I left the salon in a stupor that L. attributed to the drink. My conversation with Geoffroy was not an exchange of ideas: I could contribute nothing bu
t a keen will to understand. This I frankly confessed to him, and he seemed to like me the more for my frankness. We parted with such genuine sympathy that I have no doubt now of being invited to Cuvier’s salon, where God willing I shall profit from further conversation with this community of savants. At moments, I feel an undying gratitude to Mrs.

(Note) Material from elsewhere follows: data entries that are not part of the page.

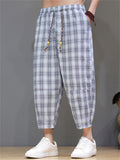 Men's Casual Drawstring Wide Leg Plaid Capri Pants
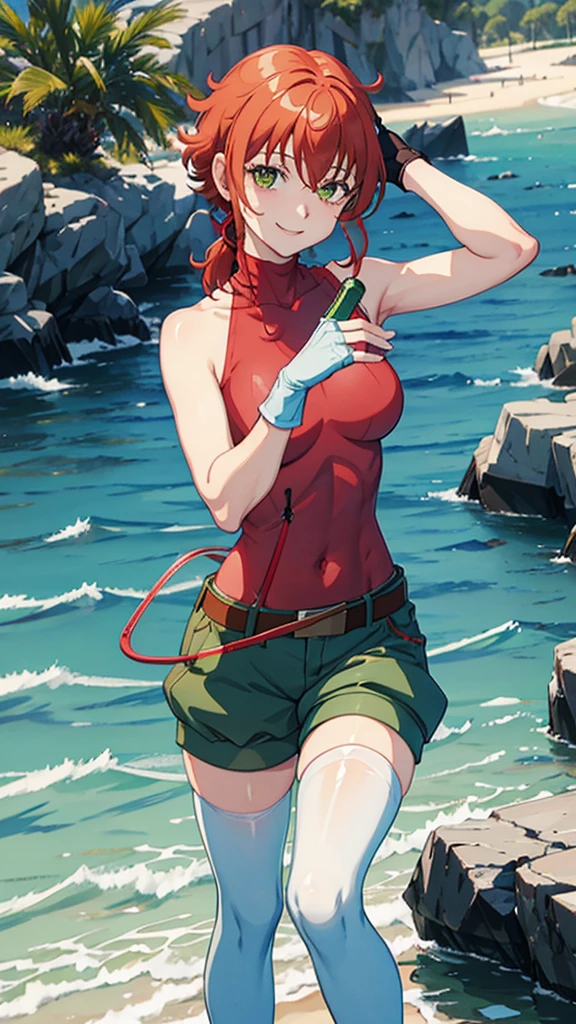 fingerless gloves, green shorts, belt, white thighhighs, sleeveless turtleneck, red leotard,aiming water gun,wink,smile,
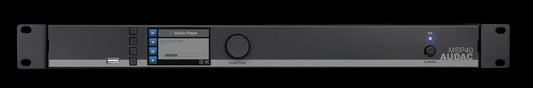 Audac media player and recorder device showcasing its design and features.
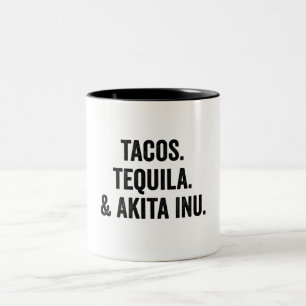 Tacos Tequila And Akita Inu Funny Dog Two-Tone Coffee Mug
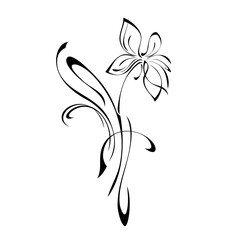 ornament 1095. decorative abstract flower on a stem with curls in black lines on a white background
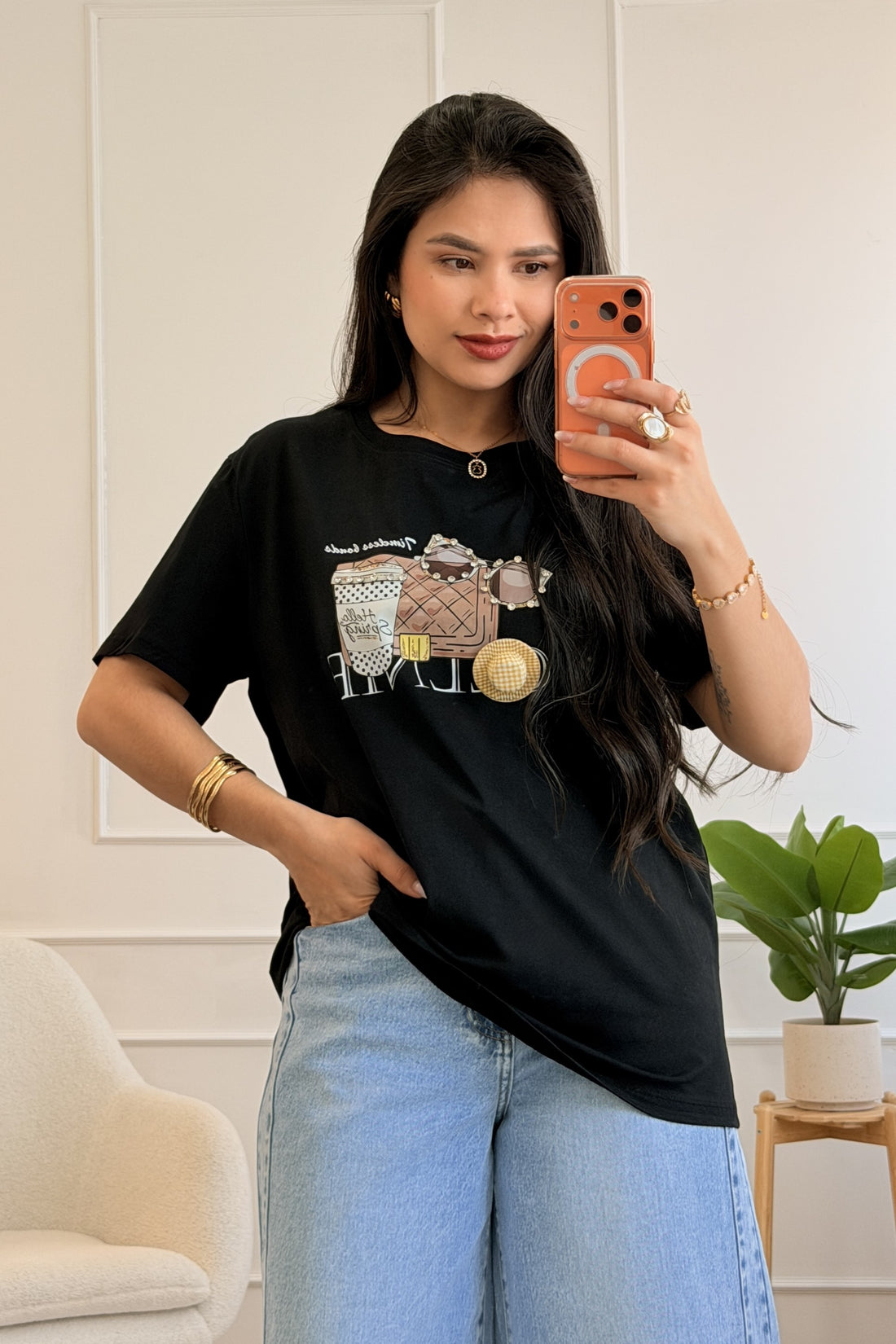 T-shirt com estampa verão e detalhe 3D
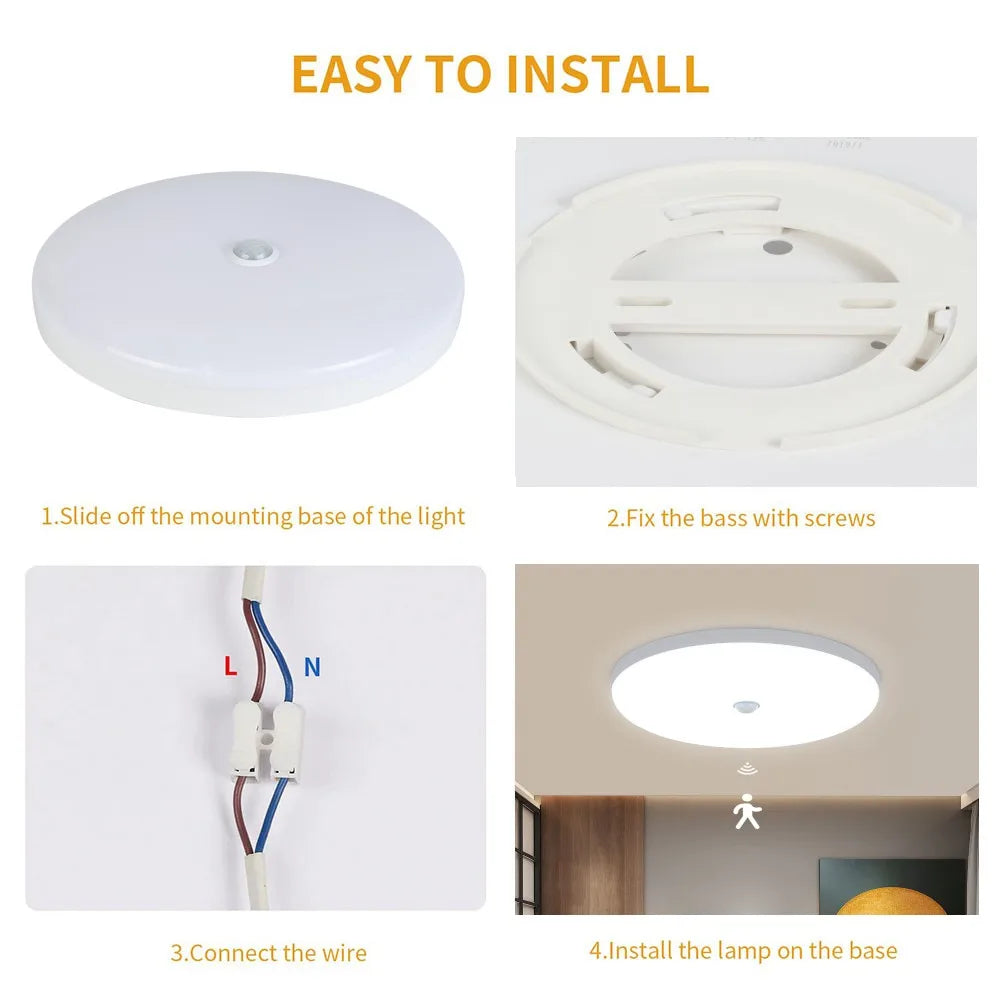 Smart Home LED Ceiling Light With PIR Motion Sensor 20W 30W AC Indoor Lamp For Room Hallway Corridor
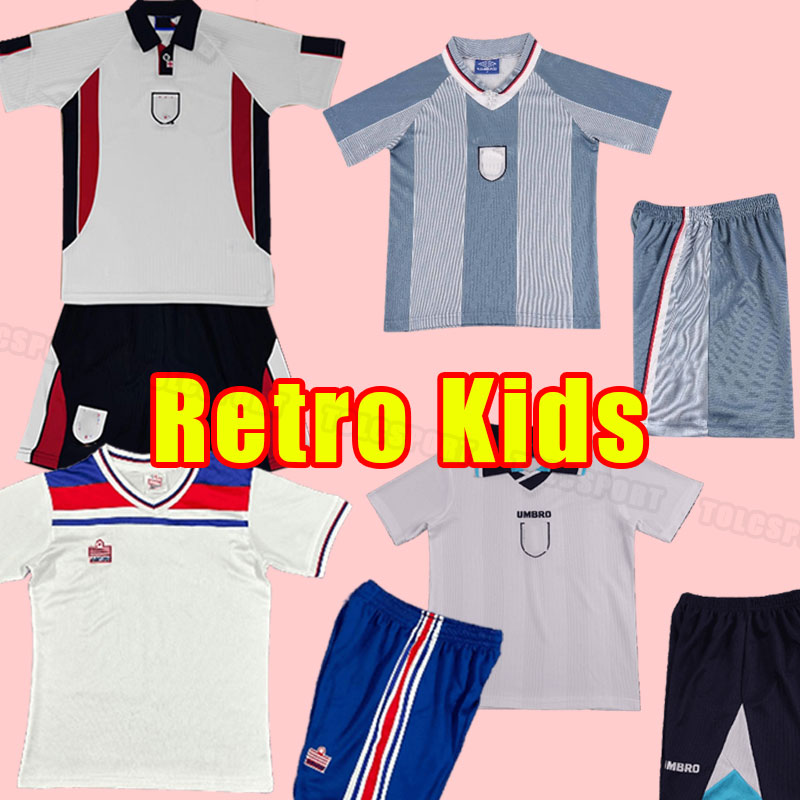 Kids Child England Retro Soccer Jerseys Uniform BECKHAM OWEN GERRARD SHEARER world football shirt cup 1998 98 1982 1996 enfants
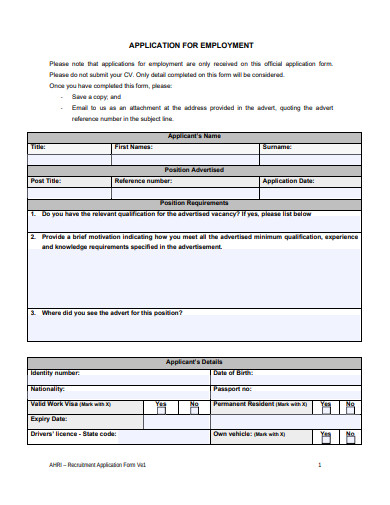 10+ Recruitment Application Form Templates in PDF | MS Word
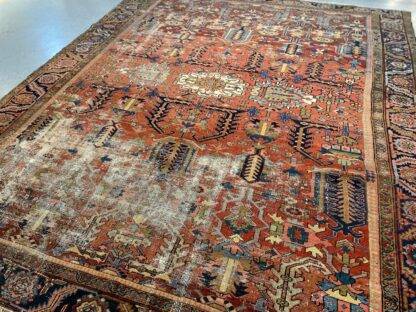 Vintage Serapi Heriz Rug | Distressed Antique Persian Carpet | 1920s Handwoven Wool | 9.7x11.9 ft | Large Oriental Area Rug - Image 11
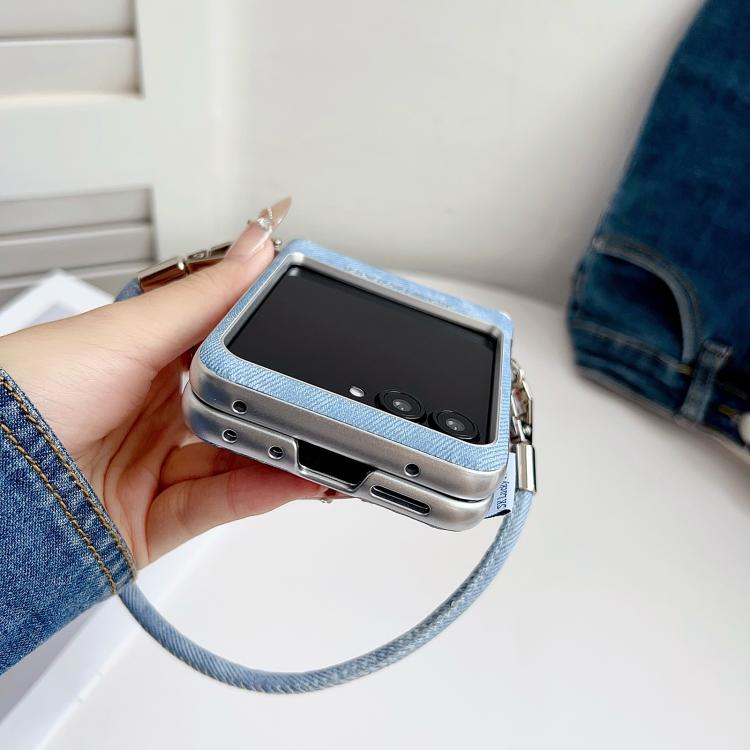 For Motorola Razr 50 / 60 Silver Edge Side Buckle Denim Textured MagSafe Magnetic Phone Case
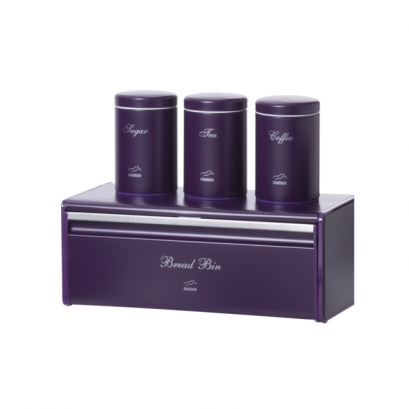 Violet Bread Bin and Canister Set - Metal Lid Violet Bread Bin and Canister Set - Metal Lid
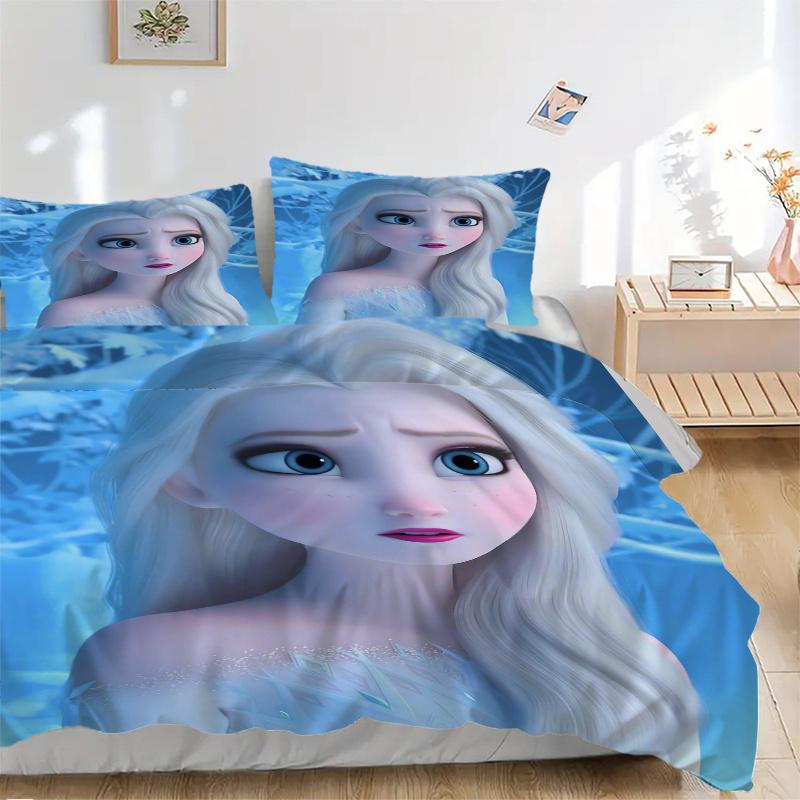 3pcs Frozen Queen Elsa Bedding Set - 1 Soft Quilt Cover + 2 Pillowcases, Machine Washable - Suitable for All Seasons, Perfect Gift for Family and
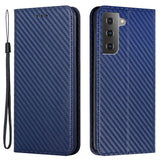 Samsung Galaxy S23 Carbon Plånboksfodral med Stativfunktion - Imitationsläder - Blå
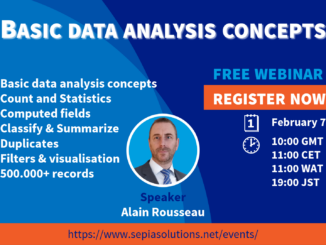 Invitation to Webinar: Basic data analysis concepts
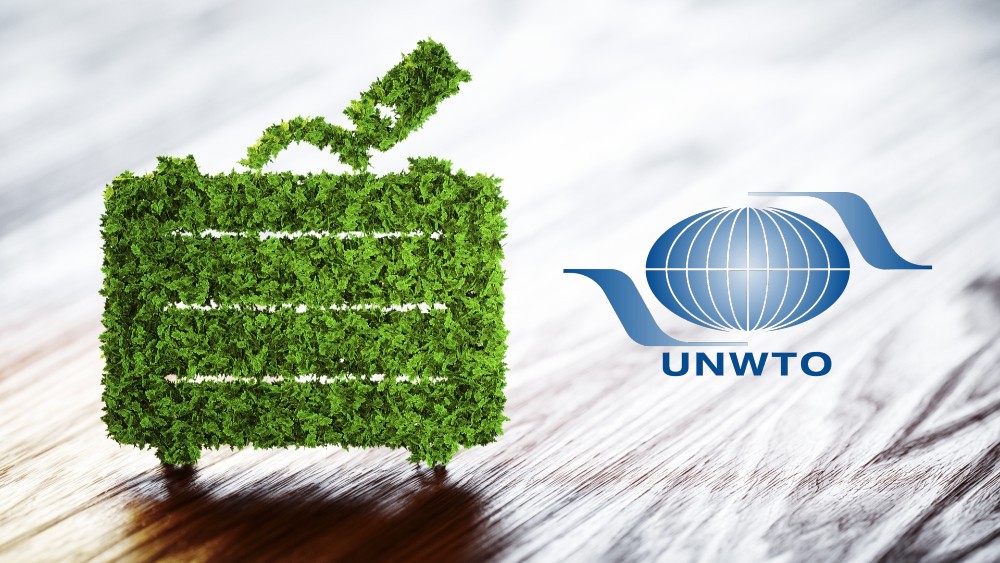 maleta de hojas verdes y el logo de la OMT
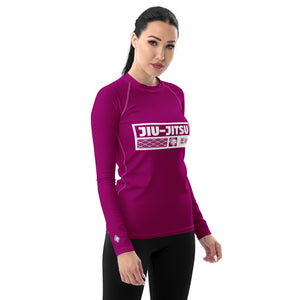 Womens Long Sleeve BJJ Rash Guard - Jiu-Jitsu 014 - Fresh Eggplant BJJ Exclusive Jiu-Jitsu Long Sleeve Rash Guard Womens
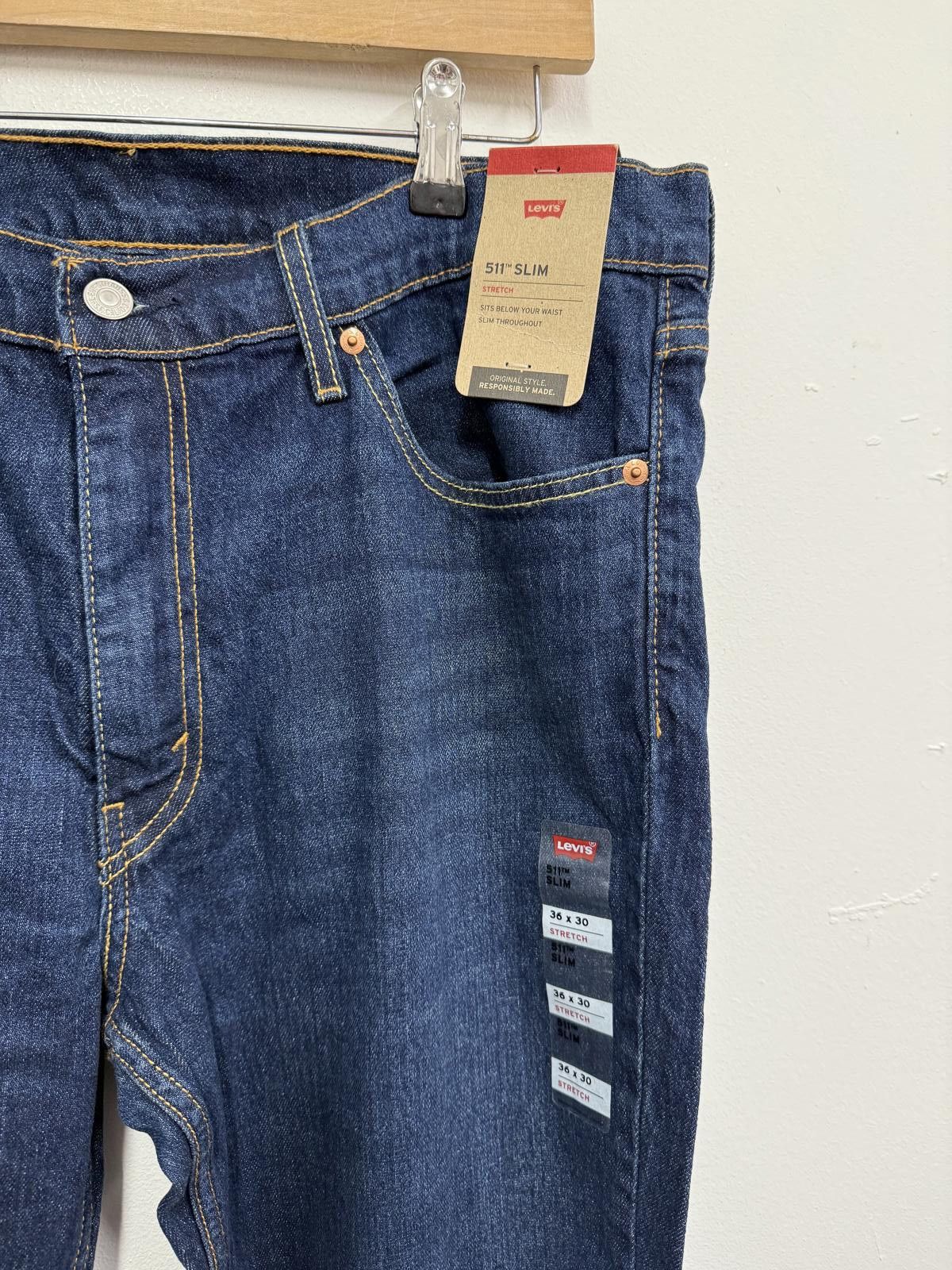 Levi's Levi's 511 Slim Stretch Dark Blue Jeans Size US 36 / EU 52 - 3 Thumbnail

Auriol for contriving to take me to Saint-Germain, and at other moments, I am so uneasy as to wish these pathways of thought had never been opened to me.
August 14
We have our portrait at last. It was executed by one Jean-Marie Poliquin, not David but a painter of some note in the city, who won L. over in his first breath with the ultimate compliment one can pay an Englishwoman in Paris: “On ne devinerait jamais que vous êtes anglaise.” He has painted L. as an ideal primitive. She leans on a mule and from one hand dangles a dipper for skimming milk. Her form is as he imagined it to be before her pregnancy – I think he intends a virginal effect. It is not entirely a successful portrait: he has given a more discerning eye to the mule than to my wife, and in the finely wrought hands (smooth and clean and absent of calluses) lies, in my mind, a repudiation of the central conceit of the painting. How much more logical to go directly for a subject to the milkmaid on the Gosling Bridge!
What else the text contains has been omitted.